Bathsheba Unbound

Bathsheba Beach, Barbados

Bathsheba Beach, Barbados

A Bajan holiday

IT IS MARTIN LUTHER KING DAY today, the third Monday in January and the first Monday holiday of the year. First observed in 1986, two decades after a significant holiday of my own, MLK Day represents a step forward in race relations here in the United States.

In keeping with that warming trend, especially for those of us living in northern climes, the day often coincides with thoughts of getting away—from the old, the cold, the less-than-friendly business of getting ahead. In fact, no matter one’s ethnicity, leisure travel is a common bond; jetting away to someplace warm a common desire.
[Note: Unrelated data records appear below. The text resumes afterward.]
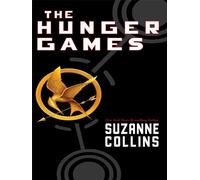 The Hunger Games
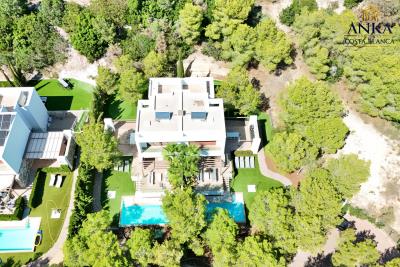 batch-Acacia-5--Las-ColinasDJI_20250904154427_0039_D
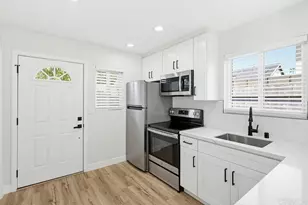 1451 Louden Ln, Imperial Beach, CA 91932 - Photo 43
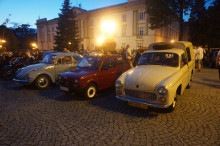 Radomskie Klasyki ponownie zachwyciły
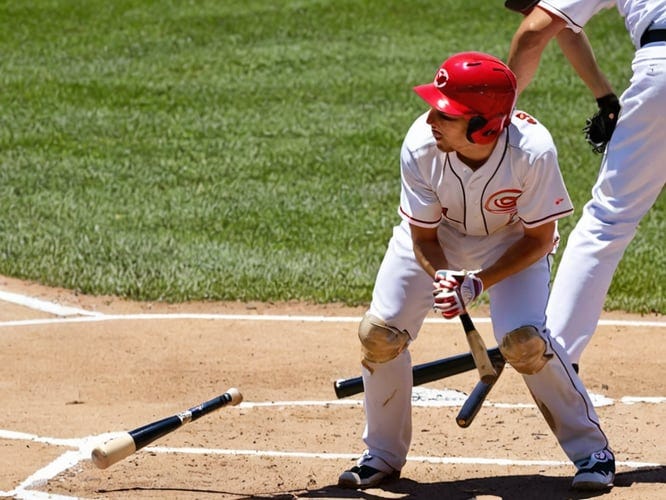 Fungo-Bat-1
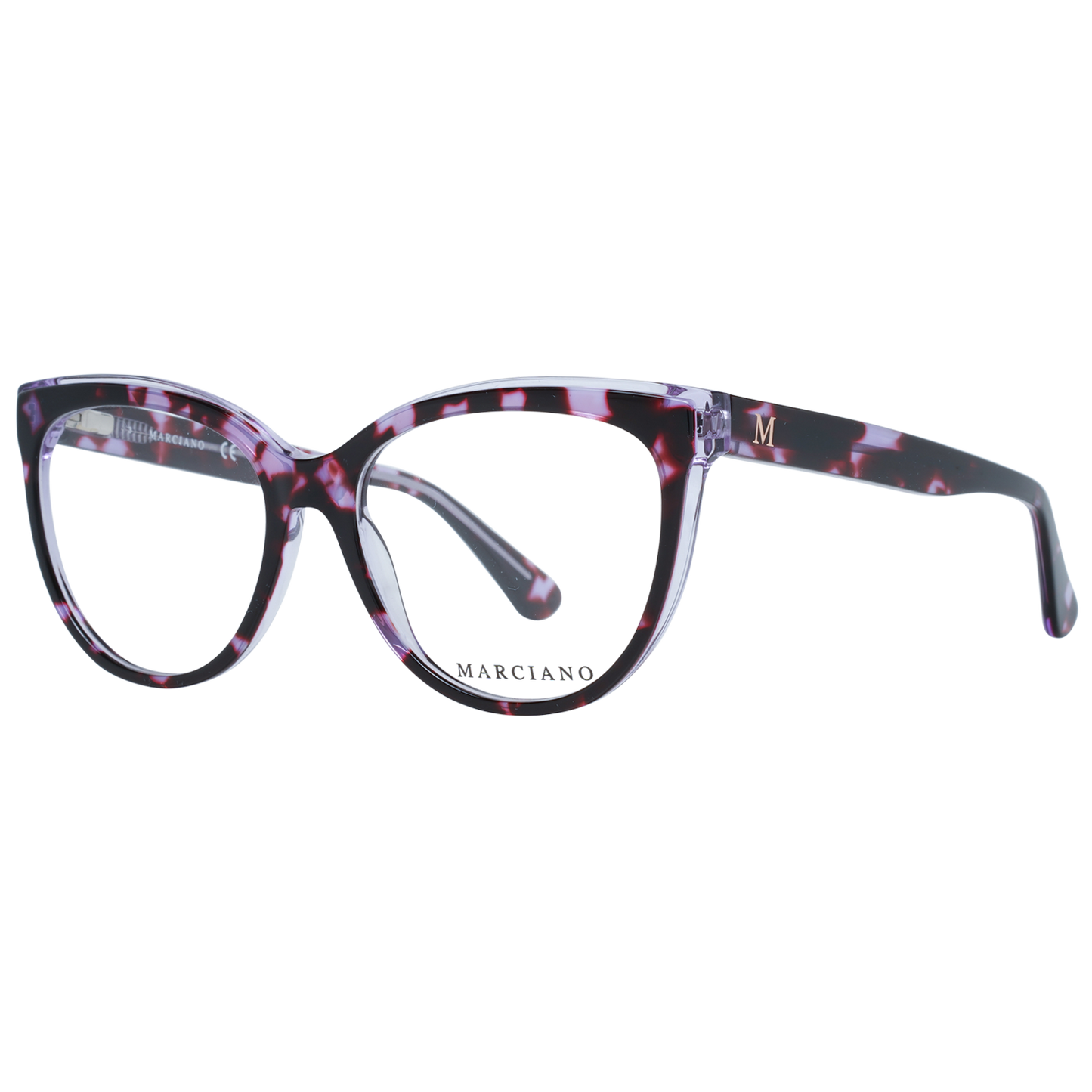 Marciano by Guess Glasses GM0377 54083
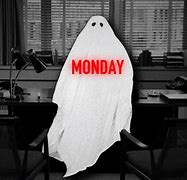 Image result for Case of the Mondaysd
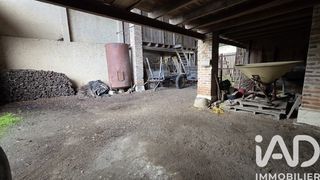  Terrain � vendre 821 m�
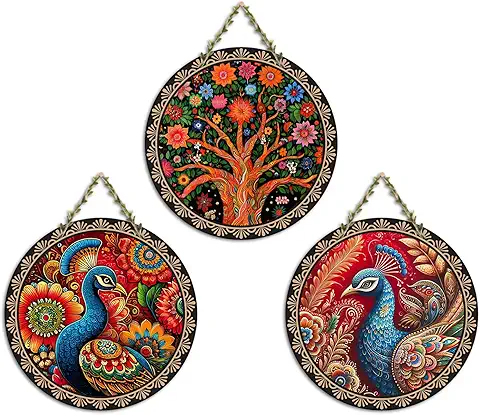Wall Hanging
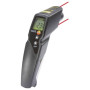 Тепловизор TESTO 830-T2 Тепловизор TESTO 830-T2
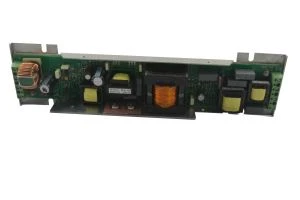 Сборка платы OEM OEM доски экрана дисплея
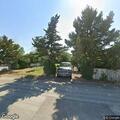 Assault reported and drunk driver leaves scene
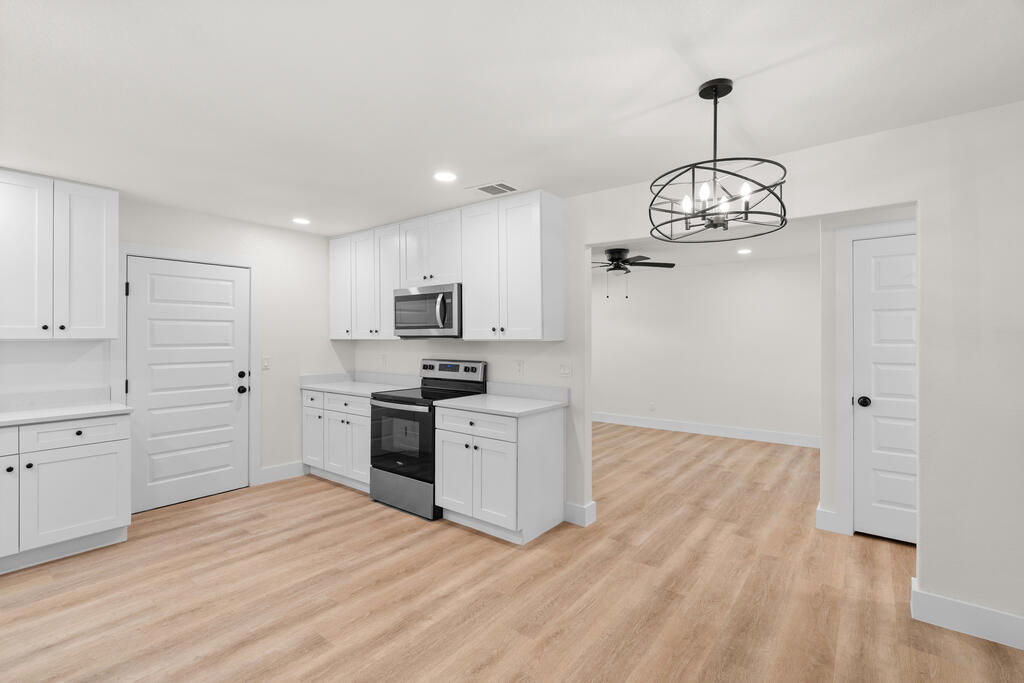 316 George Court Kerrville TX 78028
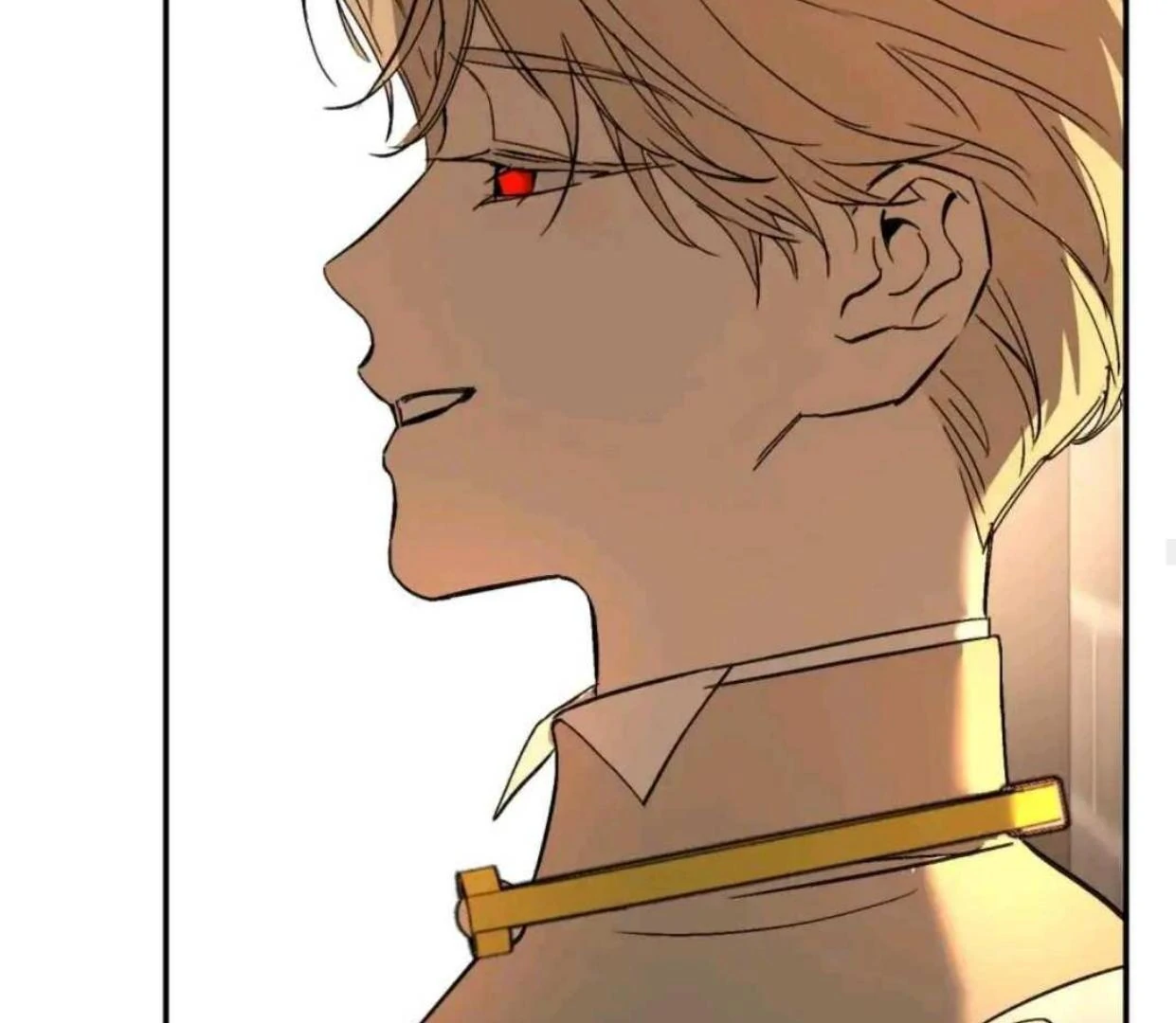 Baca The Evil Ring - Chapter 43 halaman 72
Unfortunately, the chilly economy has persuaded me to travel by armchair this season, which, on the whole, has proved a not-unpleasant way to escape the snowbound New England outside my window. I laze on the couch, stare into the orange glow crackling in the fireplace and think of warmer places, like the first time I saw the Caribbean . . .

It was 1966, I was twelve, and my father surprised us with a family vacation to Barbados. This was unusual since, after a trip by car to Florida some years earlier to visit our grandparents, my father vowed never again to subject himself to such close quarters with his brood of five for such a long spell, without escape and especially without air-conditioning.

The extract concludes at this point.